In the following lines, we first create a prediction column called "Prediction", each day's close price is the prediction of the previous day. Second, two datasets are created. X is the predictor variable, Y is the target variable. Preprocessing package is to nomalize our predictor variables. Then we split our data into train and test datasets for both X and Y. Then we use the Regression on the training data, then predict the closing price of X_prediction.

In [None]:
def predictData(stock, days):
    
    if os.path.exists('./Exports'):
        csv_name = ('Exports/' + stock + '_Export.csv')
    else:
        os.mkdir("Exports")
        csv_name = ('Exports/' + stock + '_Export.csv')

    df.to_csv(csv_name)
    
    df['prediction'] = df['close'].shift(-1)
    df.dropna(inplace = True)
    forecast_time = int(days)

    #Predicting the Stock price in the future
    X = np.array(df.drop(['prediction'], axis=1))
    Y = np.array(df['prediction'])

    #Nomalize our predictor variables
    X = preprocessing.scale(X)
    print("\nX aftre preprocessing:", X)
    X_prediction = X[-forecast_time:]
    
    # Split our data into train and test data
    X_train, X_test, Y_train, Y_Test = train_test_split(X, Y, test_size=0.5)
    print("\n\nX train:", X_train, "\nX_test:",X_test, "\nY_train:", Y_train, "\nY_Test", Y_Test)

    #Performing the Regression on the training data
    clf = LinearRegression()
    clf.fit(X_train, Y_train)

    #Predict the closing price of X_prediction.
    prediction = (clf.predict(X_prediction))

    last_row = df.tail(1)
    print("Last row:", last_row)
    print("Last row 1:", last_row['close'])

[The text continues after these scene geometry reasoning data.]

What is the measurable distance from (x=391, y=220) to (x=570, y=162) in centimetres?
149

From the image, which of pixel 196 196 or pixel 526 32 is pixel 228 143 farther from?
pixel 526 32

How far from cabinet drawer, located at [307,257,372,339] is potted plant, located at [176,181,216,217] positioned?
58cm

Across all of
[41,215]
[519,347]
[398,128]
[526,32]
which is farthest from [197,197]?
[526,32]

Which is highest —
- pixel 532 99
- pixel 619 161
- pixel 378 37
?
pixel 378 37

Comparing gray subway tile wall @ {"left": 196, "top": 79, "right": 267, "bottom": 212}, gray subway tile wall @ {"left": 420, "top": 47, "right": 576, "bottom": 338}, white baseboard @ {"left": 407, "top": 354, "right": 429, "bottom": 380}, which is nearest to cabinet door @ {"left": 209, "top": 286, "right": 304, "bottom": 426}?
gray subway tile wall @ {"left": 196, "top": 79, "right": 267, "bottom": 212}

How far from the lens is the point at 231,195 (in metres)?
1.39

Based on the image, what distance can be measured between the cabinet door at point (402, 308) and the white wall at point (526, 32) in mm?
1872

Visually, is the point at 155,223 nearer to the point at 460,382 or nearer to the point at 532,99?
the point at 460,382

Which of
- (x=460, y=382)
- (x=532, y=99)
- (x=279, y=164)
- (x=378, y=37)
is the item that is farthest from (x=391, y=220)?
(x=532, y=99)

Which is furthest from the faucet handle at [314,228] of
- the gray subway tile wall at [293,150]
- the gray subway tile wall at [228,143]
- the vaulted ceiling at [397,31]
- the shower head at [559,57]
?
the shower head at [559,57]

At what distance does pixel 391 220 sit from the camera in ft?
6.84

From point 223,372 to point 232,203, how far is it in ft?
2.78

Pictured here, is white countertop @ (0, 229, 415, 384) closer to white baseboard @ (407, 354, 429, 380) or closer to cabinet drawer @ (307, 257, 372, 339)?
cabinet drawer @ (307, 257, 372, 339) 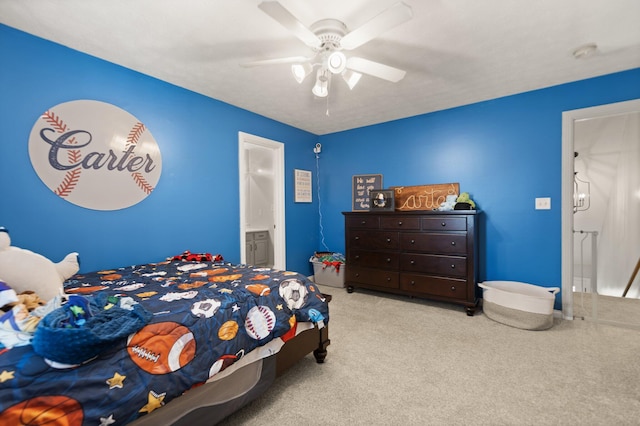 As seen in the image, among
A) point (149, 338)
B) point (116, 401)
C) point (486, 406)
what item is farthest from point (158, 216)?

    #Sending the SMS if the predicted price of the stock is at least 1 greater than the previous closing price
    if (float(prediction[4]) > (float(last_row['close'])) + 1):
        output = ("\n\nStock:" + str(stock) + "\nPrior Close:\n" + str(last_row['close']) + "\n\nPrediction in 1 Day: " + str(
            prediction[0]) + "\nPrediction in 5 Days: " + str(prediction[4]))
        #sendMessage(output)
        print("This is the output:", output)

predictData(df, 5)

## Magic that send message through gmail!

Eventually, the last function sendMessage(text) is for us to send messages through gamil when some conditions are triggered by using [smtplib](https://docs.python.org/3/library/smtplib.html) module. getpass() is another package use here for user enter the password to improve the security.

In [None]:
def sendMessage(text):
    # If you're using Gmail to send the message, you might need to 
    # go into the security settings of your email account and 
    # enable the "Allow less secure apps" option 
    username = getpass("Please enter your gmail address like chrisguan912@gmail.com")
    password = getpass("Please enter your password")

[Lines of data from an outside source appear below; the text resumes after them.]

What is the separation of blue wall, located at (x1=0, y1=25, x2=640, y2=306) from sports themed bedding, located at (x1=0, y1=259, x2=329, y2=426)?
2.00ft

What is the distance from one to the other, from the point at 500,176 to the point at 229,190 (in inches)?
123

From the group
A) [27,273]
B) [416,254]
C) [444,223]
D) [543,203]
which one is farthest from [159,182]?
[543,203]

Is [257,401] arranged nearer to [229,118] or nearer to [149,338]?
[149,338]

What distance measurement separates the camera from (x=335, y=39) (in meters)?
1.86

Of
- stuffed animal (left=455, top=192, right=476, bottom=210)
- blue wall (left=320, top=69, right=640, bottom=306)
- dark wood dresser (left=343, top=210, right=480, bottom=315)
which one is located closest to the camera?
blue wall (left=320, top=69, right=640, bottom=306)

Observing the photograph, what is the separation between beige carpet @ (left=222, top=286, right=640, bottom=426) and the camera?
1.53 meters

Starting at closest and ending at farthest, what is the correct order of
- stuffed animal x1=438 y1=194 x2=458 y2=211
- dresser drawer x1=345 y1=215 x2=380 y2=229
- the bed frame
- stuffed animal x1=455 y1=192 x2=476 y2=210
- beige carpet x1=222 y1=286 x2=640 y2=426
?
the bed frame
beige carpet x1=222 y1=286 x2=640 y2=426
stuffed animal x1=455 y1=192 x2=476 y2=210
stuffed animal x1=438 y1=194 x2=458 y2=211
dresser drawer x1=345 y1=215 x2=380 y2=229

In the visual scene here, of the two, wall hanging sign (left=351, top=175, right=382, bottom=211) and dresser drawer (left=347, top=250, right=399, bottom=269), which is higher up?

    vtext = getpass("Please enter the receiver's phone number and company's domain like 9292649156@txt.att.net")
   
    message = getpass("Please enter your message")

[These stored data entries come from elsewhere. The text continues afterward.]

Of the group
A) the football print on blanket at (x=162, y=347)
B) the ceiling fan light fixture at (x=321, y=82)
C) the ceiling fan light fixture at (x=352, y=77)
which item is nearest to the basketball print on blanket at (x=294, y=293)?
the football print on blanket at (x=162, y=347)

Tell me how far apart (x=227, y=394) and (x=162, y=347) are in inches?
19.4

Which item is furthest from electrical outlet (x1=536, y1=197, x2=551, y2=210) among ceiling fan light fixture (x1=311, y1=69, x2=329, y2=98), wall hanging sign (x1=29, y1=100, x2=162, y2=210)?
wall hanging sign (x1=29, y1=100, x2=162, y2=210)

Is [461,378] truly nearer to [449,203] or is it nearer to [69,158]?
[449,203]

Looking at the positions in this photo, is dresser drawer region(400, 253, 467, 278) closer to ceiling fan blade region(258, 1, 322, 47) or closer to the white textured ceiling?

    MSG = """From: %s  \n 
    To:      %s\n
    %s """ %(username, vtext, message)

    server = smtplib.SMTP('smtp.gmail.com', 587)
    server.starttls()
    server.login(username, password)
    server.sendmail(username, vtext, MSG)
    server.quit()

    print('Sent')

## Conclusion

The blog introduced four functions in total. The first two can support us to apply valuable data by using selenium or download from iexcloud. The third funciton is to analyze the predict the stock trend. The last few lines support us to send a message through gmail.